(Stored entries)
========================================================================
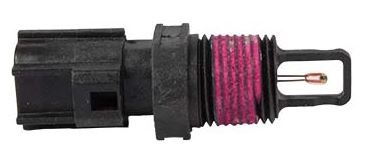 9C1Z12A697B - : Air Intake Temp Sensor DY1159 DY-1159 for Ford Image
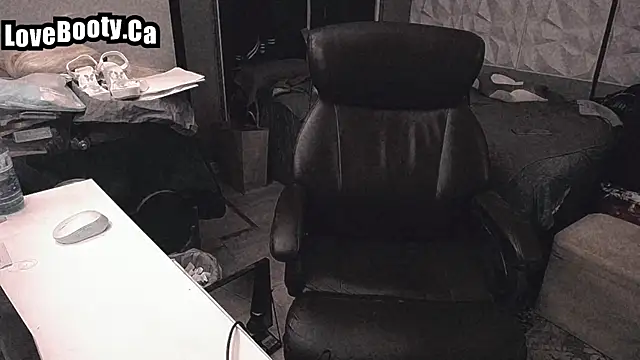 sheylagoddess11 online show from 09/16/25, 08:15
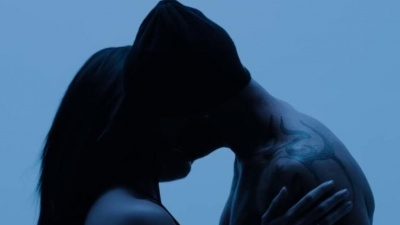 Karl Wolf - Amateur At Love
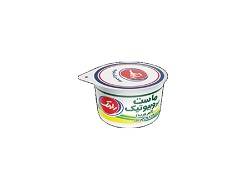 رامک ماست پروبیوتیک کم چرب100گرم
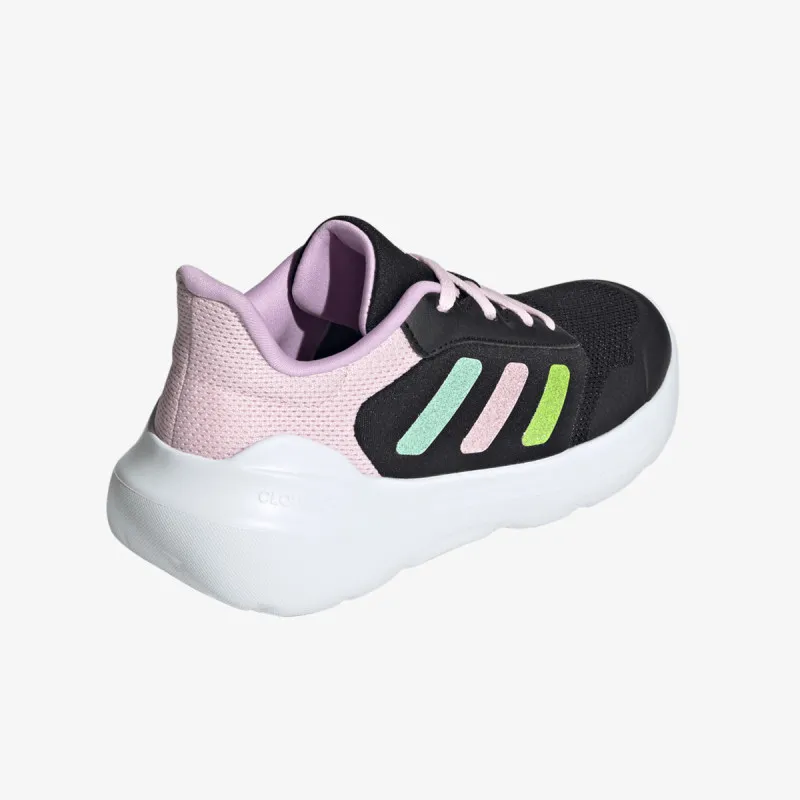 ADIDAS Patike Tensaur Run 3.0 J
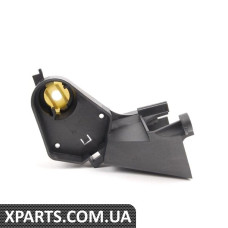 Кронштейн двигуна кондиціонера BMW 64116979467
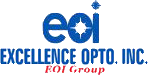 Excellence Optoelectronics Inc.(EOI)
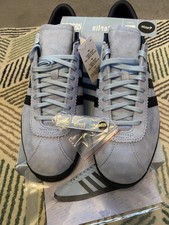 adidas berlin reverse cw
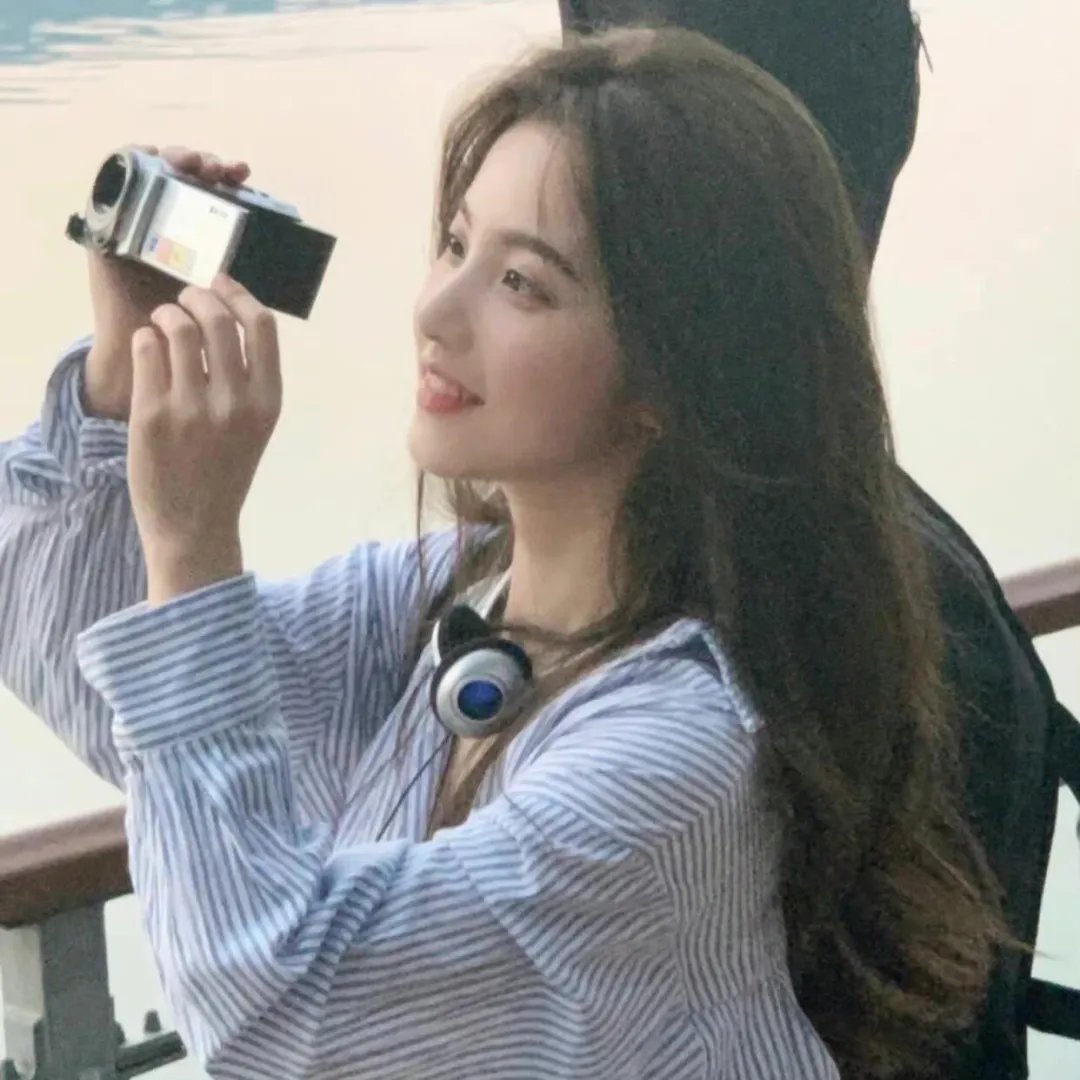 重生之我靠古玩再发家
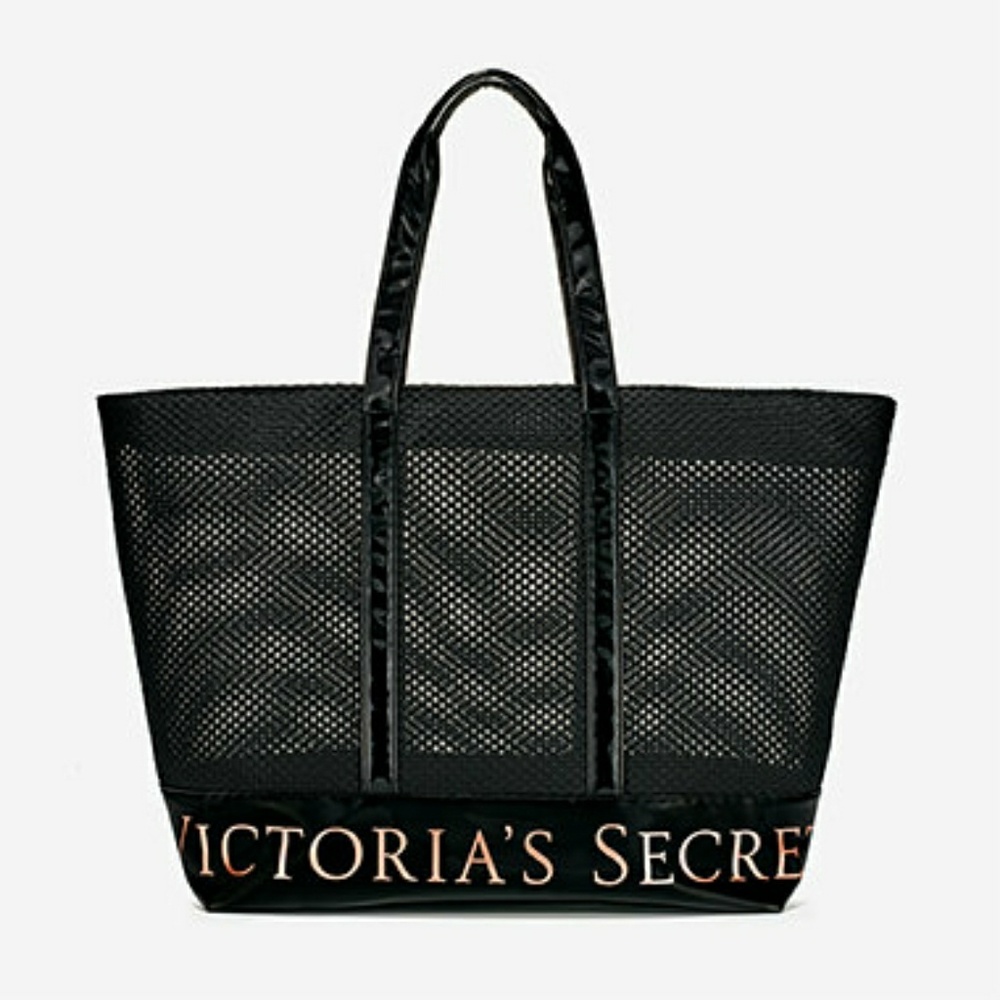 Victoria's Secret Tote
========================================================================
--- Exercise directions ---
Exclude the pictures and give back the rest of the data above exactly as written.

--- Answer space ---
 9C1Z12A697B - : Air Intake Temp Sensor DY1159 DY-1159 for Ford Image
 sheylagoddess11 online show from 09/16/25, 08:15
 Karl Wolf - Amateur At Love
 رامک ماست پروبیوتیک کم چرب100گرم
 ADIDAS Patike Tensaur Run 3.0 J
 Кронштейн двигуна кондиціонера BMW 64116979467
 Excellence Optoelectronics Inc.(EOI)
 adidas berlin reverse cw
 重生之我靠古玩再发家
 Victoria's Secret Tote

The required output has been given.